Para Jarbas, 2011 foi um ano politicamente medíocre em todos os sentidos. “A oposição precisa de união e de especialistas em seus quadros, pessoas que entendam de Petrobras, políticas sociais, estatais”, diz o senador. “Sem isso, o governo pode continuar falando o que quiser e não conseguiremos rebater. Todo mundo sabe que a Petrobras é um antro de corrupção, mas ninguém pode fazer essa acusação institucionalmente, porque não há provas”.
Governo X oposição - Os parlamentares de oposição consideram o desempenho dos governistas igualmente lastimável. “A chamada base aliada ainda não mostrou para o que serve, a não ser para barrar a convocação de ministros pelo Congresso”, diz o senador Aloysio Nunes Ferreira. “Quando assumiu, Dilma apresentou uma extensa pauta legislativa, mas nada saiu do papel”. Jarbas lembra que a presidente não deu um tratamento uniforme para todos os ministros acusados de corrupção. “Variou de partido para partido”, afirma o parlamentar pernambucano. “Ficou clara a defesa do PT e, mesmo assim, a base aliada continuou submissa”. Para Jarbas, é absurdo Dilma defender Fernando Pimentel das acusações de tráfico de influência com o argumento de que as irregularidades aconteceram antes da chegada do ex-prefeito de Belo Horizonte ao ministério. “O político deve explicações à sociedade tanto da vida pública, quanto da privada”, enfatiza. “Lula e os petistas podem não ter inventado a corrupção, mas, sem dúvida, a exacerbaram".

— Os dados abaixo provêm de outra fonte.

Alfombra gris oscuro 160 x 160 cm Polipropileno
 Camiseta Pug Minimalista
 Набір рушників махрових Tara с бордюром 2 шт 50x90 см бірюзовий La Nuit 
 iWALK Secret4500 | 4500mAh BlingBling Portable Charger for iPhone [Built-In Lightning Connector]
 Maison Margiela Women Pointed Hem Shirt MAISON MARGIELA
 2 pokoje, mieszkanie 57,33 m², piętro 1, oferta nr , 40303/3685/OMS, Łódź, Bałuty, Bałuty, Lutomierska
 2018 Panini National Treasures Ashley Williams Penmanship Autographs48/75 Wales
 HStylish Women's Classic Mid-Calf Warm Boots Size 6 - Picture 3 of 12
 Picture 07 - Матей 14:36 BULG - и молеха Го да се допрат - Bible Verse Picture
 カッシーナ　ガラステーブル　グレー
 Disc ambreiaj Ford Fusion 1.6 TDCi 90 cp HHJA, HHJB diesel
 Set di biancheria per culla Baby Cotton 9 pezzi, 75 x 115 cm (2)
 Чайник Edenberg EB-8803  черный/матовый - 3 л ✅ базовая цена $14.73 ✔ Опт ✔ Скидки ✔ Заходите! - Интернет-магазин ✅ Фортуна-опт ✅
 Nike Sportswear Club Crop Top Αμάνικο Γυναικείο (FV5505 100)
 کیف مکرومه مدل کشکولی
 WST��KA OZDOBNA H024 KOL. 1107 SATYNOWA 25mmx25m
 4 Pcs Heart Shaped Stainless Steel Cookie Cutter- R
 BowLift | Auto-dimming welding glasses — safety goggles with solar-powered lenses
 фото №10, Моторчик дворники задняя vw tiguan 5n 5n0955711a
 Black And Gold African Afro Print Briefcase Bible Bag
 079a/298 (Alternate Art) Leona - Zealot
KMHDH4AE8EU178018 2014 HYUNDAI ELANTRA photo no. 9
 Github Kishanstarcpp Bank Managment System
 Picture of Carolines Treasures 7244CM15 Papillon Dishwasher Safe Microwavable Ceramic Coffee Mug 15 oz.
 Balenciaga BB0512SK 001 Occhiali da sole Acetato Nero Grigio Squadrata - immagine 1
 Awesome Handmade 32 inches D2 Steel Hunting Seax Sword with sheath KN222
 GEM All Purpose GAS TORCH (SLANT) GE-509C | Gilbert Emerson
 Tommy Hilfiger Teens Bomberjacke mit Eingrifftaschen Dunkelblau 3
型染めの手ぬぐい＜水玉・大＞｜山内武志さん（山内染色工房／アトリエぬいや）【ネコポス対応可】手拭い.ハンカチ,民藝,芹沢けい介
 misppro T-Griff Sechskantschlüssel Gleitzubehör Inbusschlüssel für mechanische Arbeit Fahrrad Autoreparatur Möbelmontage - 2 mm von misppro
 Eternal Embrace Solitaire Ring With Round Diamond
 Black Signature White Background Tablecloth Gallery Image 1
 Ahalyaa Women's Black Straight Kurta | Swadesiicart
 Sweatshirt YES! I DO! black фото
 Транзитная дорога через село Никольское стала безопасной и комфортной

O ex-deputado federal Fernando Gabeira acredita que o processo de oposição no Brasil foi conduzido pelas denúncias da imprensa. “O grande impulso oposicionista aconteceu na sociedade e sem a mediação dos políticos de oposição”.
Gabeira atribui o fraco desempenho à falta de articulação. “No último trimestre, houve o anúncio da completa estagnação da economia e a oposição foi incapaz de levantar a questão”, diz. “A luta parlamentar não se resume à votação de projetos e convocação de CPIs. O processo é mais amplo e é dentro dessa amplitude que a oposição deveria agir. Não me lembro de nenhum grande encontro nacional, de nenhum seminário organizado com a proposta de discutir o Brasil”.
A oposição talvez seja bem menos frágil do que imaginam os senadores e deputados. Nas últimas eleições, 44 milhões de brasileiros votaram contra o governo. O abismo que separa a indignação da sociedade e a falta de entusiasmo da oposição sugere a falta de representantes para esse eleitorado. Os eleitos esqueceram o que Fernando Henrique Cardoso, num artigo para a revista Interesse Nacional, considerou “óbvio e quase ridículo de escrever”: cabe às oposições se oporem ao governo.